With any biopic, you look at bias, reality, embroidering. The Four Seasons, from very early on, was and is a partnership of Frankie Valli, lead singer and Bob Gaudio, main songwriter. They are the executive producers of this and the stage musical, so we must assume we have the authorized version. The biopic centres on the original quartet, who were a trio for an astonishingly long time, almost a decade, before they found Bob Gaudio. The story concentrates on them until Tommy DeVito (vocal, guitar) and Nick Massi (vocal, bass guitar) left.
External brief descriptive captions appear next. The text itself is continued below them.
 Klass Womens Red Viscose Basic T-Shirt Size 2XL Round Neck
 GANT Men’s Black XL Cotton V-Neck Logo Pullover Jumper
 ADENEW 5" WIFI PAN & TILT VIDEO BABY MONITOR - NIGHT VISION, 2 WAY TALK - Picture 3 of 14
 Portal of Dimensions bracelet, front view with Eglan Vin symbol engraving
After that, there were forty members of The Four Seasons apart from Valli and Gaudio.
Frankie Valli (John Lloyd Young) as a trainee barber gets to shave Gyp DeCarlo (Christopher Walken)
It takes nearly an hour to get them as far as their first hit, Sherry in 1962, and it’s all great drama and storytelling too. I was surprised to realize how old they were in 1962. Valli was 28, De Vito was 34, Massi was 35. No wonder they seemed so showbiz compared to The Beatles. Gaudio was easily the youngest, just twenty when they had their first hit, so the only one of The Beatles half-generation. But Gaudio had been a member of The Royal Teens when he was fourteen, along with a young Al Kooper, and Gaudio co-wrote their hit song, Short Shorts, a #3 US hit in 1958.
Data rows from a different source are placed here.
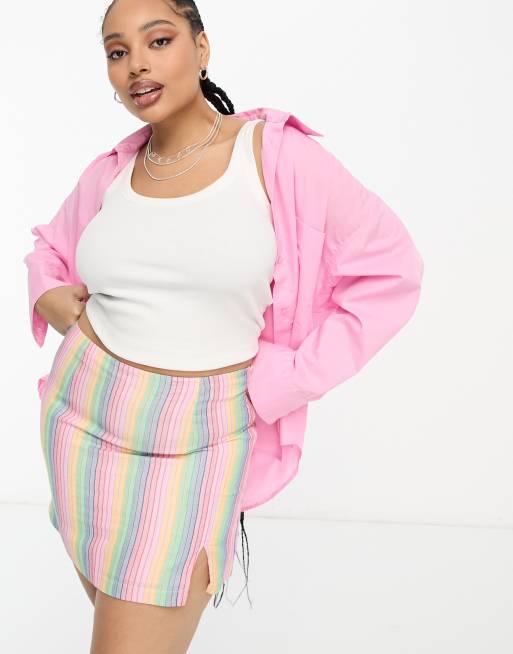 Rainbow skirt plus size best sale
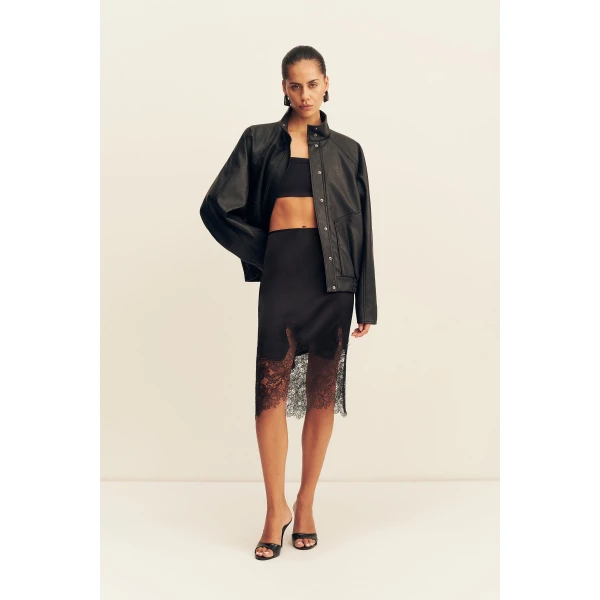 Shona Joy Kennedy Funnel Neck Faux Leather Jacket, view 4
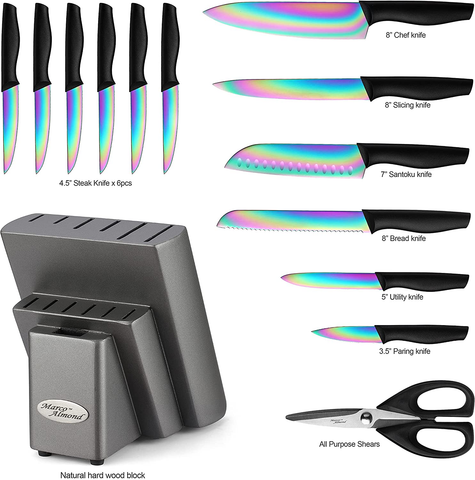 Image of DISHWASHER SAFE KYA25 Rainbow Titanium Cutlery Knife Set, Marco Almond 14-Piece Kitchen Knives Block Sets, Black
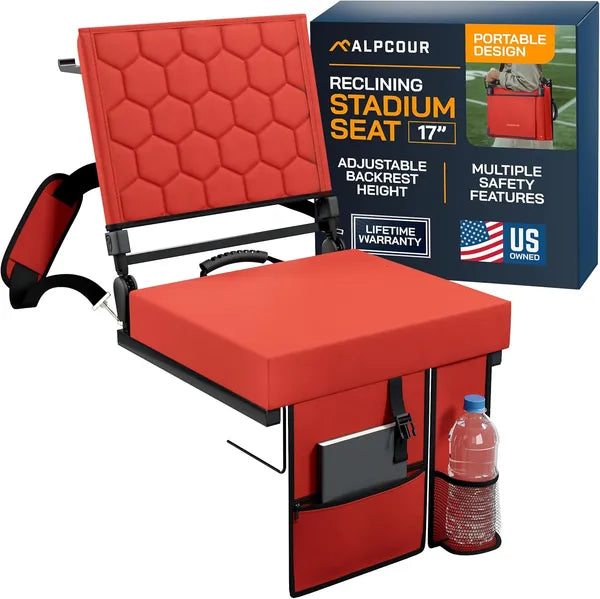 Folding Reclining Stadium Seat with Back Support - Red 17" Wide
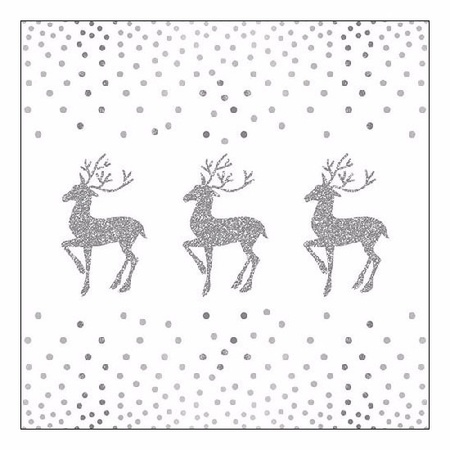 20x Kerstdiner servetten Deer and Dots White
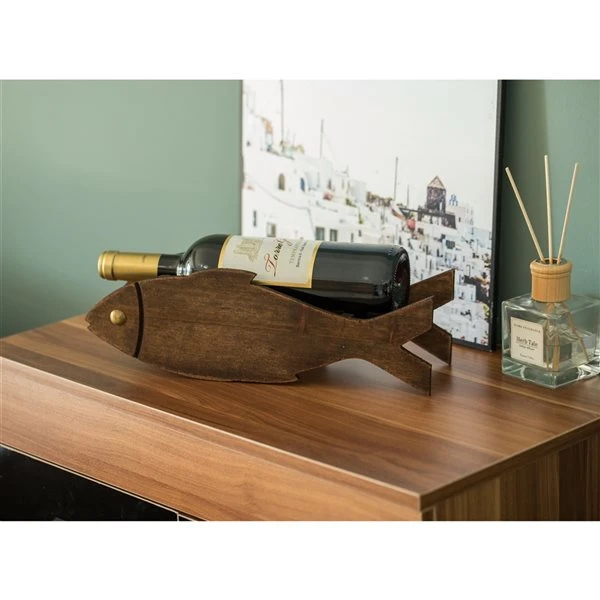 Vintiquewise 1-Bottle Wooden Fish Shaped Decorative Wine Bottle Holder 5 Vintiquewise 1-Bottle Wooden Fish Shaped Decorative Wine Bottle Holder - Image 5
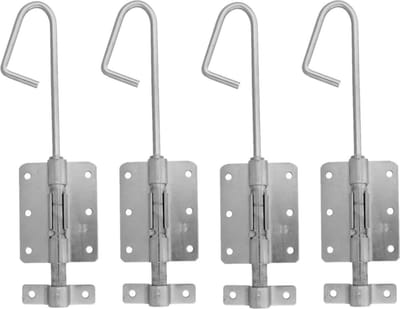 AMIG Verticaal schuifslot/plaatgrendel - 4x - staal - 35 x 6.2cm - verzinkt - zilver - schutting - poort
Tommy DeVito (Vincent Piazza)
I had never realized that the Four Seasons (or 4 Seasons on earlier discs) had criminal records and Massi and DeVito both served time in prison … Valli got off with a warning. All this is in the film, along with the selection of lachrymose songs they played in New Jersey cabarets in the 1950s, while mobsters wept with joy. Tommy Devito (played by Vincent Piazza) is as central as Valli. He’s the crooked one, the aggressive one, the one who thinks he is the leader until it all goes horribly wrong … he’s the most interesting character. You sympathize with Nick Massi (Michael Lomenda) who did the deep bass interventions on the records, as all the frustration of years of rooming with DeVito … they were always the second-class citizens, but never knew it … bubbles up and he quits. “In a group, what’s the fun of being the Ringo,” he says. Nice line, but I’d guess was the scriptwriters’ idea.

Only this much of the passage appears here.